Red-Teaming and Public Involvement in AI Evaluation
From Technical Procedure to Sociotechnical Practice
The papers gathered here share a foundational move: they reframe what look like neutral, technical methods for evaluating AI — red-teaming, benchmarking, auditing — as sociotechnical practices saturated with value judgments, labor arrangements, and institutional politics. Gillespie2026-aa makes this case most pointedly for red-teaming, drawing a direct historical parallel to commercial content moderation: a practice that was similarly rationalized as technical hygiene before its labor conditions, psychological tolls, and embedded value choices became visible. Unknown2025-qj, working empirically through interviews and observation at public red-teaming events, corroborates this reframing from the ground up, showing how what counts as a “harm” or “vulnerability” depends on institutional framing, participant composition, and the genealogy of adversarial methods imported from cybersecurity and military contexts. Matias2025-px generalizes the move beyond red-teaming to AI evaluation writ large, arguing that reliability itself — not merely legitimacy — is a sociotechnical achievement that purely technical methodologies cannot deliver.

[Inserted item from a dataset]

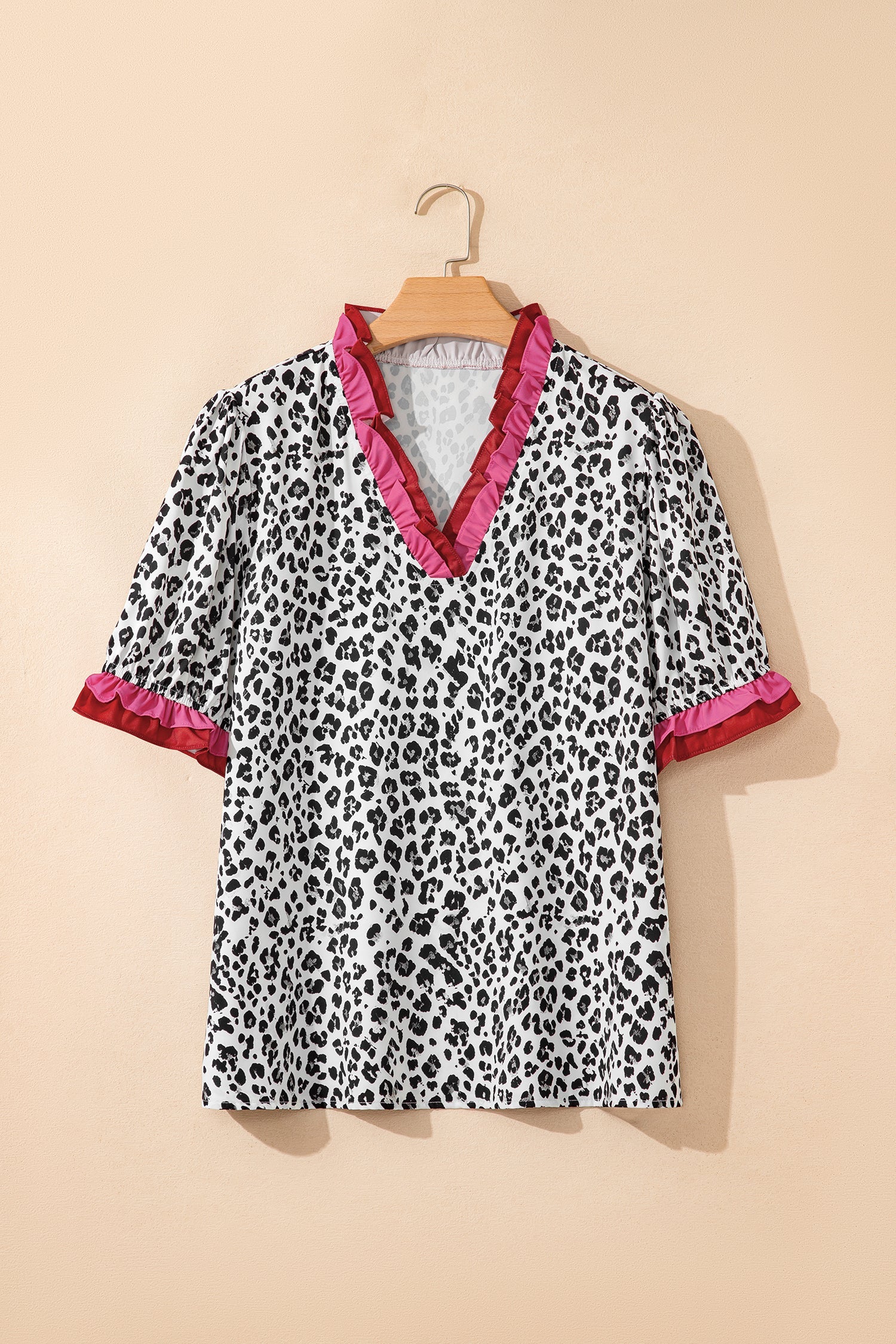 Leopard Ruffle Trim V-Neck Short Sleeve Blouse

Who Evaluates, and With What Expertise
A second thread concerns the epistemic question of who is competent to identify AI harms. Gillespie2026-aa observes that internal red-teamers, constrained by NDAs and homogeneous in background, typically lack the sociocultural and linguistic range to surface the harms that matter to differently situated publics. Matias2025-px turns this critique into a positive program: lived-experience expertise contributes situated knowledge that credentialed scientists cannot supply, and is essential at five distinct stages of evaluation (equipoise, measurement, explanation, inference, interpretation). The Allegheny Family Screening Tool reanalysis and the Chicago police-complaint relabeling cases show concretely how community knowledge surfaces failures that AUC-style metrics or single-category coding obscure. Unknown2025-qj occupies a middle position empirically — public red-teaming events do bring diverse perspectives into vulnerability identification, but the paper is careful not to romanticize participation, noting that institutional framing constrains what participants can even name as harm.

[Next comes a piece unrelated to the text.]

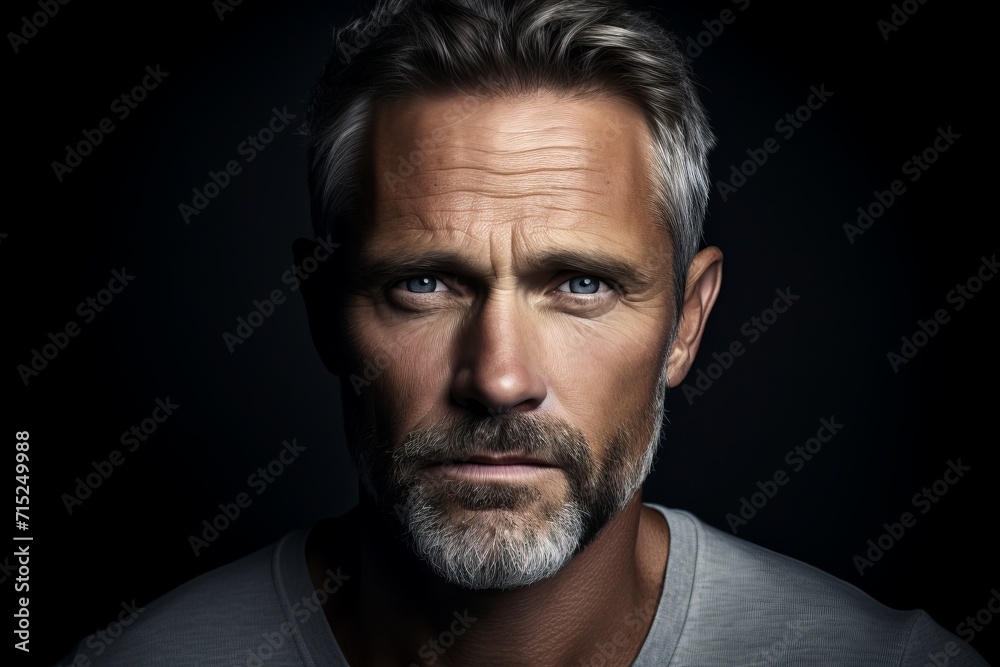 Portrait of a serious mature man over black background. Men's beauty, fashion.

Labor, Participation, and the Risk of Extraction
Where the papers most productively diverge — and converge — is on the political economy of participation. Gillespie2026-aa is sharply skeptical: outsourced and crowdsourced red-teaming reproduces the labor arbitrage and precarity of content moderation, while volunteer-driven events like DEFCON risk extractively relying on the unpaid labor of the very marginalized communities they claim to represent. The distinctive psychological cost of red-teaming — secondary trauma, moral injury from inhabiting adversarial personas — compounds these concerns. Matias2025-px acknowledges parallel issues around consent and worker treatment in contributory citizen-science models, but argues that participatory science has developed methods to address objections about subjectivity, scale, and cost without resorting to extraction. Unknown2025-qj sits at the empirical fulcrum of this debate, documenting how public-facing red-teaming events surface considerations invisible to industry red-teaming while also varying significantly with organizational context — implying that “public interest” is itself a contested designation that institutional sponsors can capture.
Toward a Research and Governance Agenda
Read together, the three papers sketch a coherent agenda. All reject the framing of AI evaluation as a closed technical loop owned by developers; all argue that legitimacy and rigor are intertwined; all warn against premature institutionalization of evaluation practices whose labor and value foundations remain opaque. Gillespie2026-aa calls for a coordinated, interdisciplinary research network to study red-teaming empirically before market-driven forms ossify. Matias2025-px offers a methodological scaffold for how that empirical work — and AI evaluation more broadly — should incorporate lived-experience expertise as a matter of scientific quality. Unknown2025-qj provides early empirical grounding for what public-interest red-teaming actually looks like in practice. The open question across the cluster is governance: whether participatory and public-interest forms of evaluation can be institutionalized without reproducing the extractive, opaque, well-being-indifferent patterns that the content-moderation analogy warns against.